Michael Xie, co-founder and CTO of Fortinet (FTNT), exercised options and sold approximately $28 million in shares. His Form 4 Table I shows the transaction. What it doesn't prominently show: he still holds 33+ million shares through trust structures.
This is a masterclass in why Form 4 footnotes matter more than the headline numbers.
The transaction
- Who: Michael Xie, co-founder & CTO of Fortinet
- What: Exercised stock options (Code M) and sold shares (Code S) totaling ~$28M
- Career total: ~$5.8B in cumulative sell transactions
- Remaining holdings: 33+ million shares held through trust entities
- At ~$100/share: 33M shares ≈ $3.3 billion in remaining exposure
The exercise-and-sell pattern (Code M + Code S)
This is the most common transaction sequence for tech executives:
- Code M (exercise): Convert stock options into shares
- Code S (sell): Immediately sell some/all exercised shares
Why this happens:
- Options have expiration dates — exercise or lose them
- Exercising creates a tax event (the spread between exercise price and market price is taxable income)
- Selling covers the exercise cost and tax bill
- The remainder (if any) adds to the insider's stock position
Signal value: Low. This is compensation mechanics. The insider is converting an expiring option into cash + shares, not making a directional market call.
The trust structure: why Table I is incomplete
Xie's 33+ million shares are held through trust entities — not in his personal name.
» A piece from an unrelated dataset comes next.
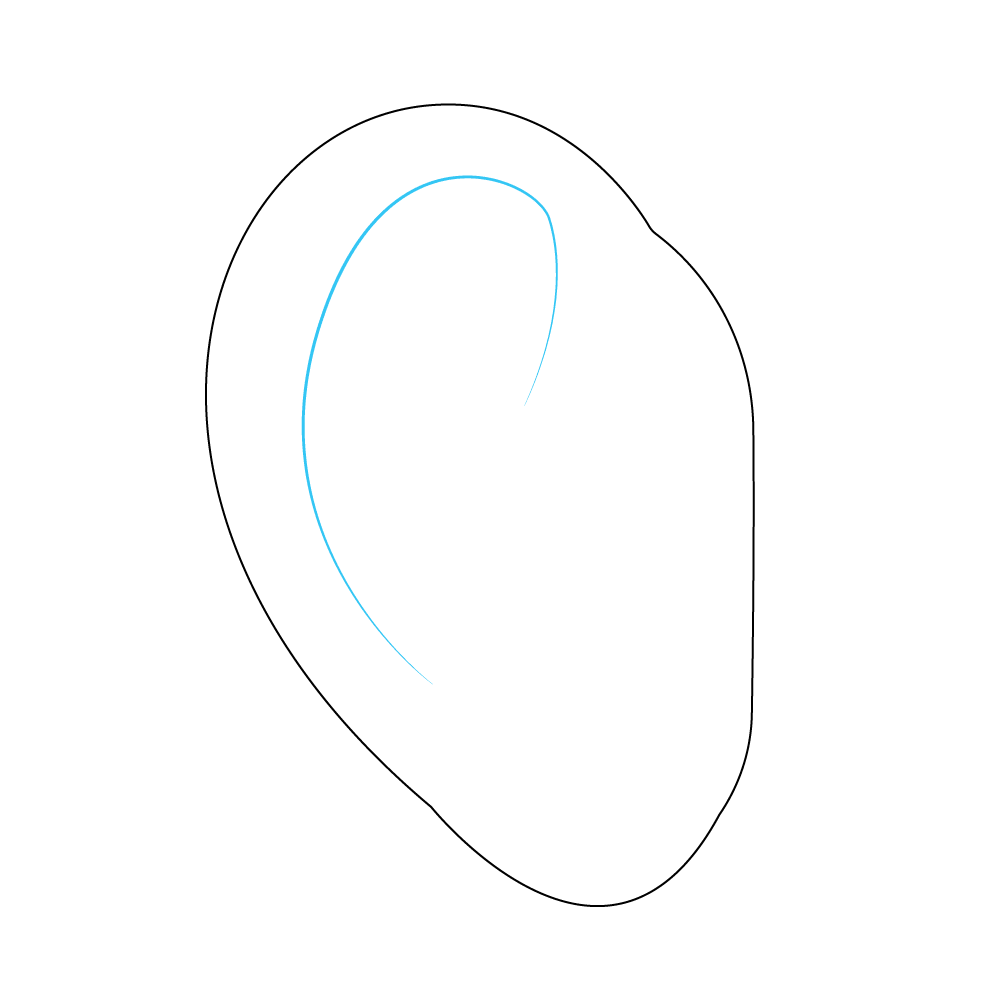 How to Draw An Ear Step by Step Step  3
This matters because:
What Table I shows
- Direct holdings in Xie's personal name
- The specific transaction (exercise + sell of ~$28M)
- Remaining shares in the transacted security class under his name
What Table I doesn't prominently show
- Shares held by the Xie Family Trust
- Shares held by other entities where Xie has beneficial ownership
- The total beneficial ownership picture
Where to find the full picture
- Form 4 footnotes: Trust holdings are typically disclosed in footnotes ("Shares held by the Michael Xie Trust dated...")
- Proxy statement (DEF 14A): The beneficial ownership table shows ALL shares across all entities
- Schedule 13G/D: If Xie's total beneficial ownership exceeds 5%
$28M sold vs. $3.3B retained
| Metric | Value |
|---|---|
| Shares sold | ~$28M |
| Shares retained (trusts) | ~$3.3B (33M+ shares) |
| Sale as % of total | 0.85% |
| Career sells ($5.8B) as % of peak value | Moderate over 25 years |
$28M is 0.85% of his remaining position. Even his $5.8B in career sales, spread over 25 years since founding Fortinet, represents gradual diversification of a $3.3B+ remaining stake.
The lesson: always read the footnotes
Form 4 Table I is designed to report transactions, not total ownership. For insiders with complex holding structures (trusts, LLCs, family entities), Table I systematically understates their true position.
The 3-step footnote workflow
- Read Table I: Get the transaction details
- Read every footnote: Find trust holdings, entity disclosures, 10b5-1 plan references
- Calculate total beneficial ownership: Sum direct holdings + trust holdings + entity holdings
Without step 2 and 3, you'll conclude Xie sold $28M and has a modest remaining position. With all three steps, you'll see he sold 0.85% of a $3.3B position. Very different conclusion.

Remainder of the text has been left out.